A radio message was sent to my combat command, which was leading the division on its march south, to report to me at St Vith. I later learned that the division had not started to move before 0500, Dec 17, because it had been unable to obtain road clearance. I planned to counter-attack and relieve the surrounded combat teams of the 106-ID, but traffic conditions prevented this action until it was too late.

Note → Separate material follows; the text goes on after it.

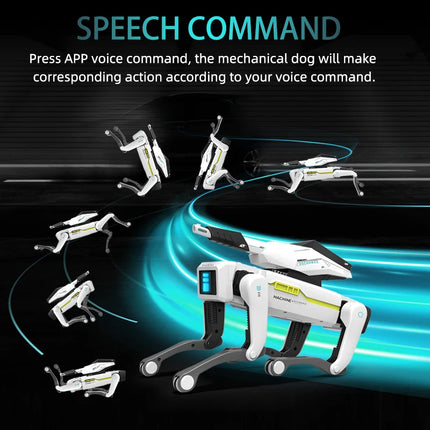 Teeggi RC Intelligent Robot Dog – Multifunctional Bionic Smart Mechanical Pet with Turret Educational Toy Gift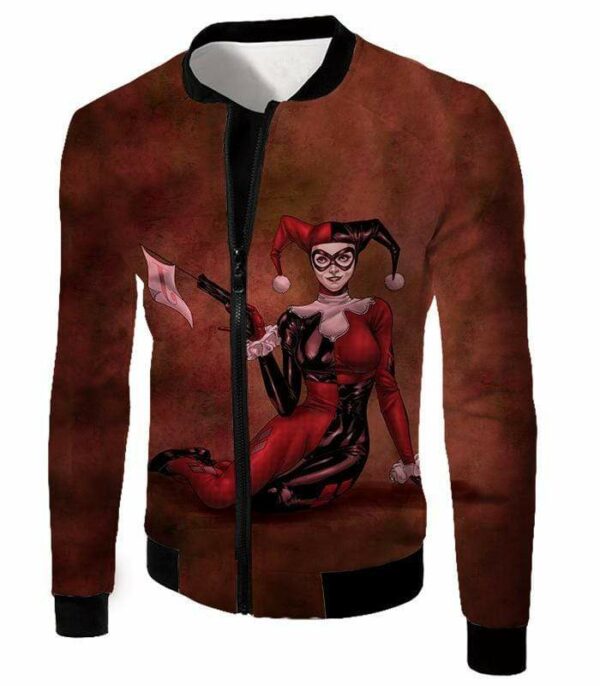 Gotham Citys Queen Harley Quinn Promo Hoodie - Jacket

The weather conditions on Dec 16, 1944, were typical of the weather which was to be, experienced for the next seven days. Overcast; cloudy; penetrating cold; snow flurries, turning to rain; poor aerial observation with no aerial activity; ground soft; roads muddy and slick, read the reports. The terrain between the Schnee Eifel and the Ardennes was rough, forested, and rocky. Frequent streams and numerous saddles added to the difficulties which channeled all vehicular traffic along the few narrow, tortuous roads which served the area. St Vith was one of the three key road junctions to the entire Ardennes, and from it, roads radiated to Dinant and Liège in the west and northwest; to Malmedy and Stavelot in the north; to Houffalize and Bastogne in the south; and to Schoenberg and Prüm in the east. Through St Vith ran the only east-west railroad extending from the Rhine River through the Schnee Eifel and into the Ardennes.
THE MARCH TO ST VITH
On the morning of Dec 17, when it had been thought that the 7-AD would arrive in the St Vith area, the division was fighting clogged roads to the west rather than Germans. To reach the St Vith area, the division moved in multiple columns over two routes, east, and west. The weather was rainy and the roads were a sea of mud; movement cross-country or in the fields alongside the roads was impossible. The division was alerted to move at 0200, Dec 17. It received orders to cross the initial point on the west route at 0330. The column was on the road when further orders were received to delay the movement for one hour. On the west route, the 87th Cavalry Recon Squadron led the way followed by CCB, CCA, 814th Tank Destroyer Batallion, 7-AD (Main) HQs, 33rd Armored Engineer Battalion, and the Division Trains. Clearances on the east route were delayed until 0800 Dec 17, when CCR led off followed by Division (TAC) Headquarters, Division Artillery, and the 203rd Antiaircraft Artillery Battalion.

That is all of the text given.